What the task asks:
Please write out all the entries exactly, without the pictures.

Short descriptive text snippets:

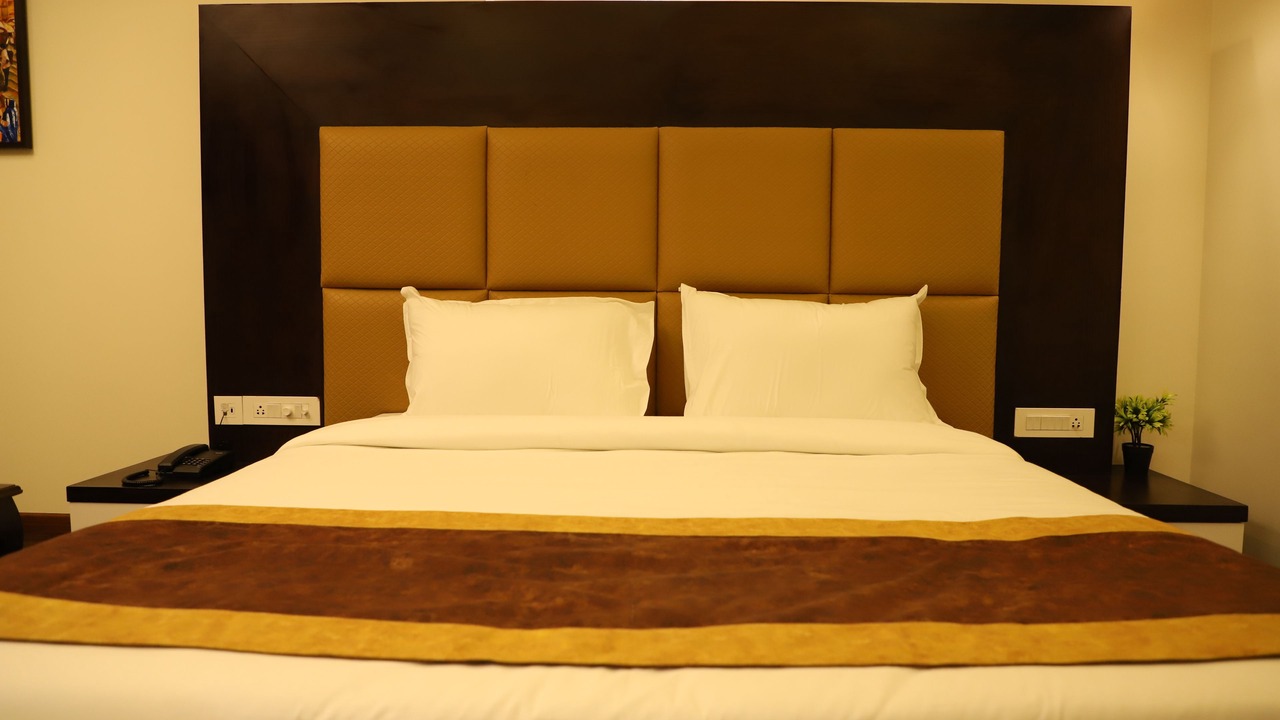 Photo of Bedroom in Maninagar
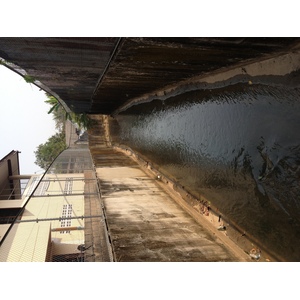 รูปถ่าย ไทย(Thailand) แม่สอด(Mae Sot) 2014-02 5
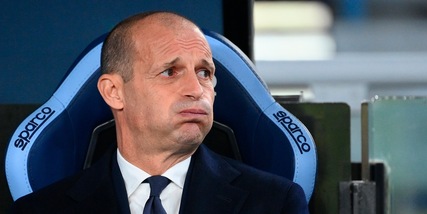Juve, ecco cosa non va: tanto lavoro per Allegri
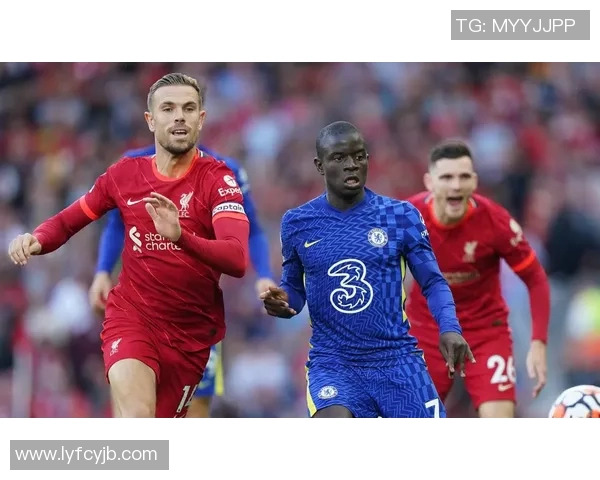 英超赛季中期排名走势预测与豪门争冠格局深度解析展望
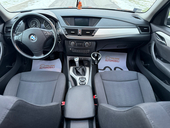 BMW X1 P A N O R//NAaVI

Completed exercise:
 Photo of Bedroom in Maninagar
 รูปถ่าย ไทย(Thailand) แม่สอด(Mae Sot) 2014-02 5
Juve, ecco cosa non va: tanto lavoro per Allegri
 英超赛季中期排名走势预测与豪门争冠格局深度解析展望
 BMW X1 P A N O R//NAaVI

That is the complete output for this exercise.